Everything works. Nothing is broken.
And yet, something feels off.
Buttons respond, pages load, data flows from backend to frontend and back again.
From a purely technical perspective, the job is done.
But when you actually use the product, it feels heavy. Slightly awkward. A bit exhausting to interact with.
This is the gap between "it works" and "it feels right".
Most teams are very good at shipping things that work.
That is already hard, and it deserves respect.
But "working" is only the baseline. Users do not experience code paths, they experience friction.
The tricky part is that this gap rarely shows up in specs or tickets.
There is no task called "make it feel calm" or "remove tiny annoyances".
Instead, it hides in details that are easy to dismiss:
- A layout that jumps when content loads.
- A button that technically works, but reacts a fraction too late.
- A form that validates correctly, but makes you feel like you are doing something wrong.
None of these demonstrate incompetence. They usually come from reasonable decisions made under time pressure.
Frontend lives right at the intersection of logic and perception.
The browser will happily execute almost anything you give it.
Users are less forgiving.
I see this gap most often when projects are built feature by feature, without stepping back to look at the whole flow.

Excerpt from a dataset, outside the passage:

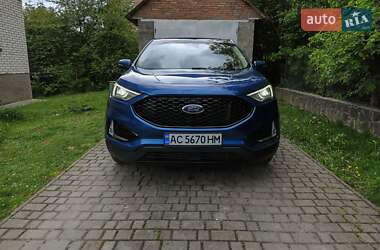 Внедорожник / Кроссовер Ford Edge 2020 в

Each piece is correct in isolation, but together they create noise:
- Animations compete for attention instead of guiding it.
- Components solve local problems, but break rhythm at the page level.
- State management technically works, but causes subtle lag.
The product works, but it does not breathe.
Closing this gap is rarely about adding more.
It is almost always about removing, simplifying, or aligning things that drifted apart over time.
This is where frontend decisions stop being about frameworks and start being about restraint.
- Do we really need this animation, or does it just exist because we can do it?
- Should this interaction be instant, or should it acknowledge the action first?
- Is this abstraction helping, or just making the mental model harder to follow?
None of this is glamorous work.
It does not show up well in demos.
But it is what separates products people tolerate from products people enjoy using.
From a technical side, this often means boring choices:
- Predictable layouts.
- Fewer dependencies.
- Clear data flow.
- Stable component contracts.
- Performance budgets that are actually respected.
From a human side, it means caring about how things feel when no one is watching, when the product is used daily, not presented.
The gap between "it works" and "it feels right" never fully disappears.
Products evolve, requirements change, tradeoffs pile up.
But being aware of it changes how you build.
You stop asking "does this work?"
You start asking "does this make sense for the person using it?"
That question does not have a single correct answer.
But asking it consistently is what keeps the gap from turning into a canyon.